Officials have hoped Brunson’s release could serve as a catalyst for improving ties between Turkey and the US-Turkey has played a key role in the fight against Islamic State in neighbouring Syria and has the second-biggest military in the North Atlantic Treaty Organization.
Yet there are still significant grievances between the two countries. Erdogan hasn’t stepped back from plans to buy a Russian missile defense system, the S-400, that isn’t compatible with NATO requirements. That has fueled demands in the US that planned deliveries of F-35 jets be put on hold even though portions of the Lockheed Martin Co. fighter are being built in Turkey.
In addition, at least three other people detained in Turkey have attracted Washington’s attention and fueled strains. They include NASA scientist Serkan Golge and three Turkish employees of the US mission to Turkey. The US says they’re innocent.
“We remain deeply concerned about the continued detention of other United States citizens in Turkey and around the world, and urge the resolution of all these cases in a transparent and fair manner,” White House press secretary Sarah Huckabee Sanders said in a statement welcoming Brunson’s release.
“While we are relieved by today’s decision on Pastor Brunson’s unjust detention, we remain concerned for the Turkish people,” the US Commission on International Religious Freedom said in a statement on Friday. “Turkey must continue to work to treat all of its citizens equally and with respect for their religious freedom.”
Before Brunson’s release, Turkish officials had been seeking meetings with the US to negotiate a resolution to his case and other issues, but National Security Adviser John Bolton declared in August that no such talks would proceed until Brunson was let go.
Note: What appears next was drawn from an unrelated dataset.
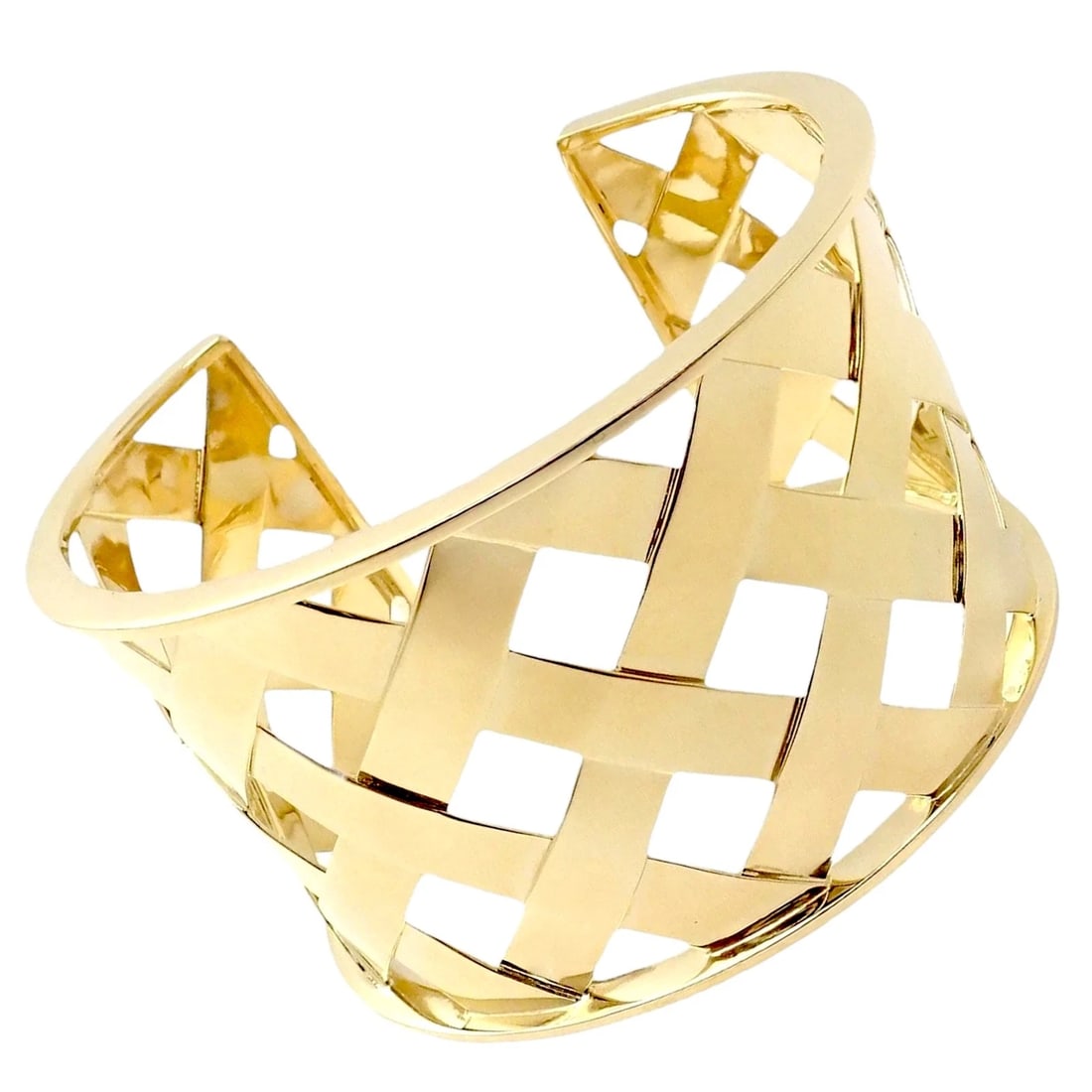 Authentic Verdura 18k Yellow Gold Criss Cross Wide Cuff Bracelet: Handcrafted in 18k yellow gold, this Verdura Criss Cross Wide Cuff Bracelet exemplifies iconic style. Sculptural lines overlay a bold silhouette, blending understated elegance with modern appeal. A tr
In the meantime, Turkey’s lira continued its fall, losing about 25% of its value in August alone.
While Trump said no concessions were made to Turkey to secure Brunson’s release, the question is whether the US will move on its own to ease sanctions imposed in recent months that have added to the difficulties facing the country’s economy.
From Turkey’s side, the US hasn’t shown any movement toward meeting Erdogan’s long-standing demand to extradite Fethullah Gulen, a prominent Turkish cleric living in exile in the US whom Erdogan has blamed for the coup. Gulen denies involvement in the coup attempt.
Also outstanding: the fate of Mehmet Hakan Atilla, a Halkbank executive sentenced to prison in the US for violating Iran sanctions. Erdogan has ridiculed the conviction and called for Atilla to be set free.
But Brunson’s release eliminates an embarrassing, if temporary, defeat for Trump, who believed he had an agreement with Erdogan for the pastor to be released months ago, only to see it fall apart. It shows that despite continuing grievances, the two countries can overcome their mutual suspicion in some cases.
The move also hands Trump a victory that will be favourably viewed by his evangelical political base ahead of midterm elections next month. And it allows the president to focus more on another escalating foreign policy crisis: relations with Saudi Arabia.
The kingdom is increasingly under fire amid charges — from Turkey — that it lured a prominent critic and US resident into its consulate in Istanbul and killed him. The accusations have been rejected in Riyadh but are threatening to undermine relations with an ally the president has courted assiduously since making his first foreign trip to Saudi Arabia in May last year.
Trump turned his attention to the Saudi dispute in comments to reporters on Friday, after announcing that Brunson was on his way back to the US.
“This is a serious problem,” Trump said of the Saudi controversy. “This is a very serious thing.”